Roy had been hankering to visit both Albi and the smaller town of Gaillac since he came across them in a series of novels by Peter May. (See my previous post on Cahors.) So, daughter Wendy being down with us for several days from her home in St Malo, Brittany, we three inserted ourselves into the Twingo and headed first for Albi, 140km away from Moissac.
Though they don’ñt look particularly red here, Albi is known as la ville rouge because of the famously red brick buildings in its historical centre – particularly Albi Cathedral (the Cathedral Basilica of Saint Cecilia). It is said by some to be the the biggest brick building in the world.
Fortress-like, this imposing Gothic giant was built in the 13th century, just after the cruel and violent suppression of the so-called Albigensian Heresy. (The cathedral is on the Unesco List of World Heritage sites.) Its vast interior owes its incredible ornateness to various influences over hundreds of years, including Catalan, Renaissance and Flemish styles.
We admired the lapis lazuli blue tones glowing from high, vaulted arches; they tell the story of the martyr Saint Cecilia, now patron saint of musicians.
Complex frescoes display the torments of hell, complete with devils, fire, pitchforks, and cauldrons boiling the damned. Others show the various layers of eternity: hell, purgatory (I think), and then a disappointingly bland-looking heaven featuring hymn books and haloes.
On the streets
Lunch was beer and salads at Le Solelhou, to the accompanying hammering of artisans restoring the ancient cobblestones just metres away.

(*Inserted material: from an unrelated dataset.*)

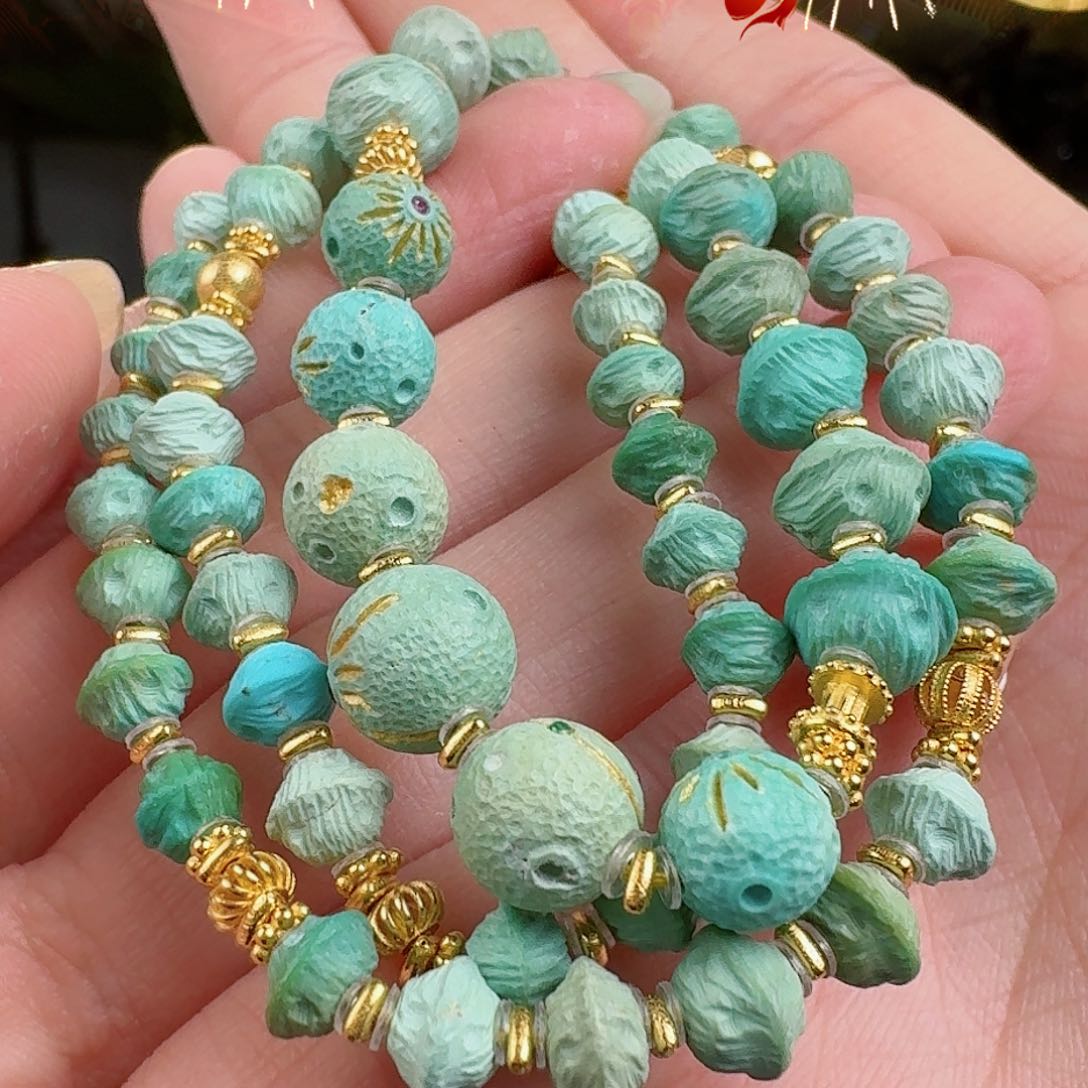 绿松石珠宝奇石18K金镶嵌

I wanted to take the petit train, below – but Wendy wasn’t keen.
Musée Toulouse-Lautrec
On such a blistering day, chilled medieval interiors are a welcome relief.

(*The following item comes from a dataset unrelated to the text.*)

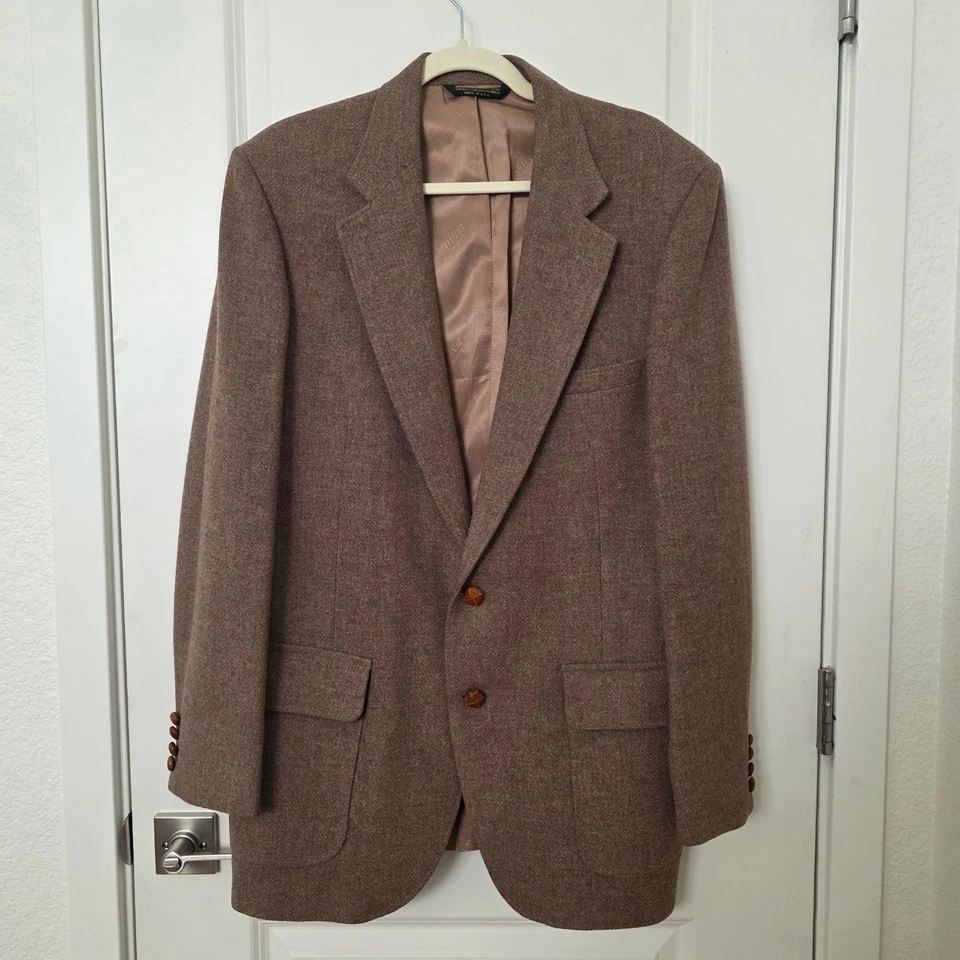 Blazer de lana Anthony Bentley grande Londres marrón espiga abrigo deportivo ropa de hombre Foto 1 de 4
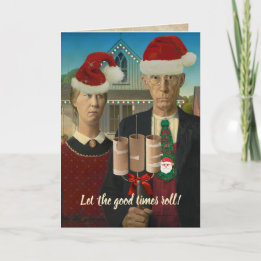 Cartes Pour Fêtes Annuelles American Gothic Noël Laissez les bons temps rouler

Housed in La Palais de la Berbie – a 13th-century episcopal residence – Musée Toulouse-Lautrec (€9 entry) has a large and interesting collection of works by the Post-Impressionist painter Henri Toulouse-Lautrec, who was born in Albi.

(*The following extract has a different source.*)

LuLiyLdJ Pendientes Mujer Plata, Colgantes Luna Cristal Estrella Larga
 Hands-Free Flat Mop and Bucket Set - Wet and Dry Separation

The long way home, via Gaillac
Roy having instructed the Garmin to avoid motorways at all costs, our Twingo was taking somewhat longer than expected to get us around. So, though we stopped in Gaillac on the way home, we didn’t linger, other than to buy a couple of bottles of local drops* from a cave in the ville centrale, plus a tasty-looking loaf from the neighbouring boulangerie.
*Unfortunately, there was none of the local vin mousseux that Roy was after. According to author Peter May in his Enzo McLeod novel The Critic, the making of this bubbly was “a secret stolen centuries before by a monk called Dom Perignon, and made famous in another place on the far side of France”. Hah!
Ha ha, no Dom Perignon! Loved the cathedral. Weather looks good.